Thinking Skills & Personal Capabilities
Planning for Infusion
This section includes advice and guidance materials that outline what infusion means, and suggestions for ways to incorporate the infusion approach into your teaching practice.
Infusion and Implications for Teaching
The skills and capabilities highlighted in the Thinking Skills and Personal Capabilities (TS&PC) framework need to be developed and assessed in and through the curriculum’s Areas of Learning.
Pupils’ progress in the TS&PC is connected to their progress in the Areas of Learning. As the quality of pupils’ thinking improves, they will make progress in their classroom work. This is the essence of the infusion approach.

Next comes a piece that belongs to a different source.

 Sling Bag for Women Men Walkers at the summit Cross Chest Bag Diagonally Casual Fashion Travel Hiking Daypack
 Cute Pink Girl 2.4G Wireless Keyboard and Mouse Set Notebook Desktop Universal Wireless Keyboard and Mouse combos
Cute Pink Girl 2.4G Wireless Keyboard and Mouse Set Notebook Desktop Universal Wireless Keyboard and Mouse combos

Pupils learn content knowledge of the curriculum alongside considering what it means to think skilfully in the subject they are studying. When you explicitly teach pupils the ways of thinking that distinguish skilled performance within a subject, they will progress towards sophisticated understanding and well-informed, reasoned thinking.
If you teach Thinking Skills separately, there is a risk that pupils are less able to transfer what they have learned into other areas of the curriculum. However, if you teach Thinking Skills in a rich context infused within an Area of Learning, pupils develop a deeper understanding of skills concepts. They will also be better at applying these concepts in a range of situations.

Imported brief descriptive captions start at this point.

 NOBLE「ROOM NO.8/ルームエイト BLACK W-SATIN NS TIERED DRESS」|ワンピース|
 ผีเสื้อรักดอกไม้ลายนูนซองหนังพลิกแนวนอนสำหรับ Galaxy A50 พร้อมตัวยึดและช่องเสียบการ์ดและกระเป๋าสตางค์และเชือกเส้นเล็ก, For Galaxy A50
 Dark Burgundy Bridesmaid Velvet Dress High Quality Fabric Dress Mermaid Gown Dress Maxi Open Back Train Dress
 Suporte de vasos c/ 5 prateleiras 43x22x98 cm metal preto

Lessons that use the infusion approach help pupils develop both their subject knowledge and understanding and skills in a particular type of thinking. The Thinking Skills deepen understanding of the subject concept and this, in turn, provides an opportunity for teachers to explicitly teach the skills and for pupils to practise them.

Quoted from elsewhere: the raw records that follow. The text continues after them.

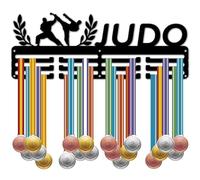 CREATCABIN Support Médaille Judo Support Médaille Sport Noir 3 rangée Crochets Métal Fer pour Course D'Athlète Décoration Murale sur Plus 60 médailles pour Médaillés Sportifs Ruban 40x15cm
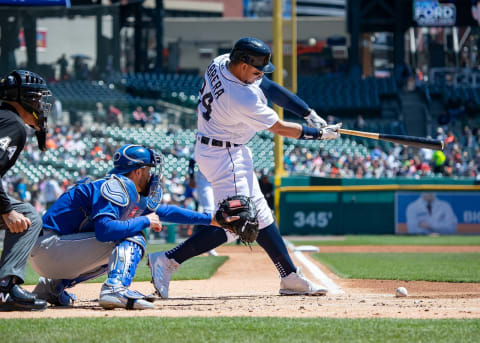 DETROIT, MI – APRIL 22: Miguel Cabrera #24 of the Detroit Tigers swings and makes contact for an RBI in the first inning against the Kansas City Royals during a MLB game at Comerica Park on April 22, 2018 in Detroit, Michigan. (Photo by Dave Reginek/Getty Images)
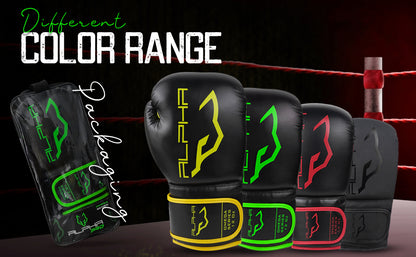 Alpha Omega green boxing gloves showcased alongside the full color range and protective carry bag, highlighting available color choices for training, sparring, and fitness boxing.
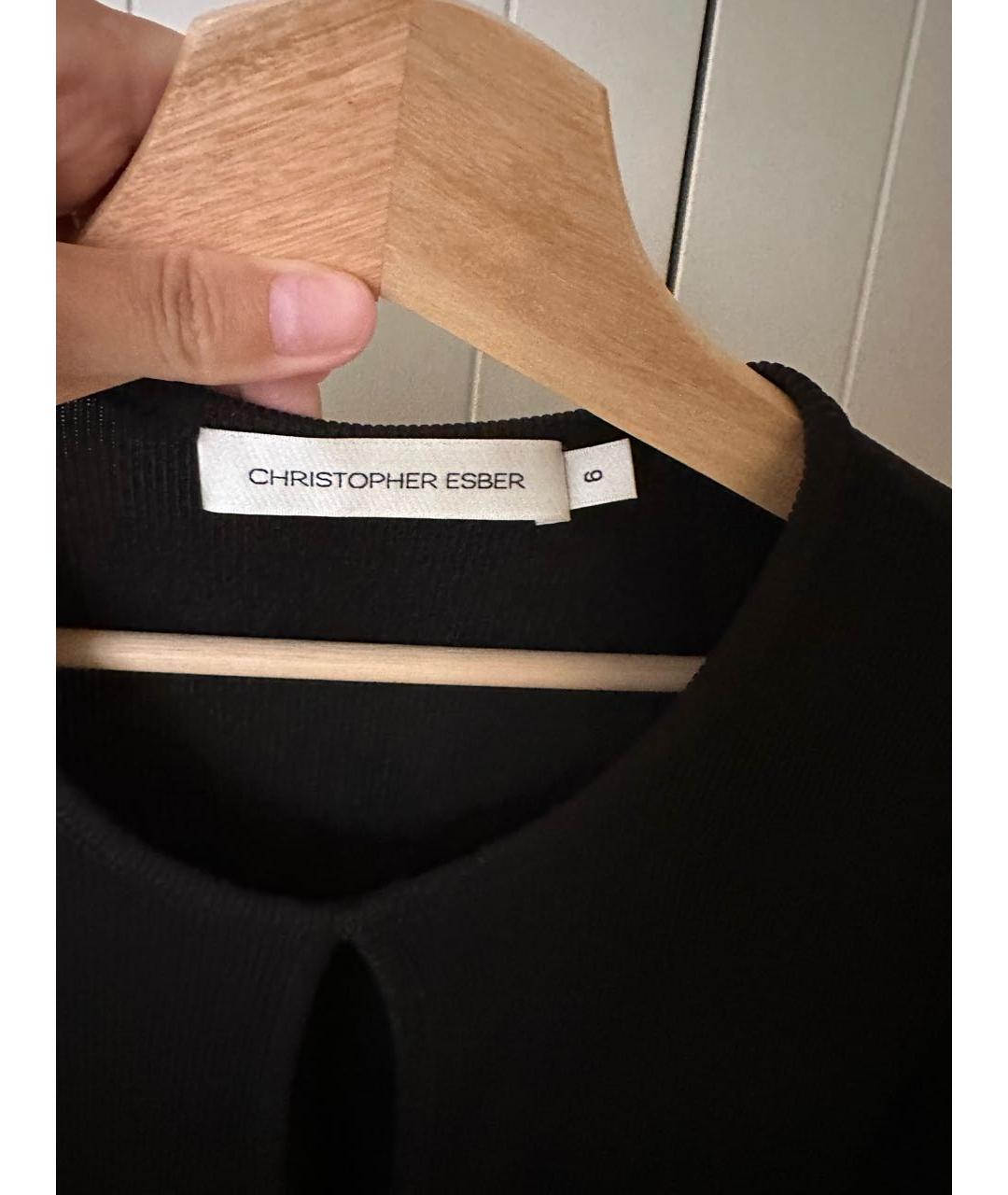 CHRISTOPHER ESBER Черное вискозное вечернее платье, фото 4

The materials in the next section Launch, Activity, Debrief outline ways to plan for infusion by building into lessons explicit teaching on:
- the methods that pupils should apply as they complete their work;
- covering content knowledge; and
- evaluative strategies to monitor work in progress and end of task achievements.
Launch, Activity, Debrief
Launch, Activity, Debrief is a form of plan, do, review. It’s a format that teachers can use when planning pupils’ learning experiences in a sequence of lessons.
For this format to work successfully, there will be times when you have to first explicitly teach pupils how to carry out aspects of the work they are to do.
For example, in the Activity section below, the first bullet point requires pupils to plan and organise their work. In the early stages, you will need to show pupils how to plan. You should also show them the format for the type of planning you want them to do.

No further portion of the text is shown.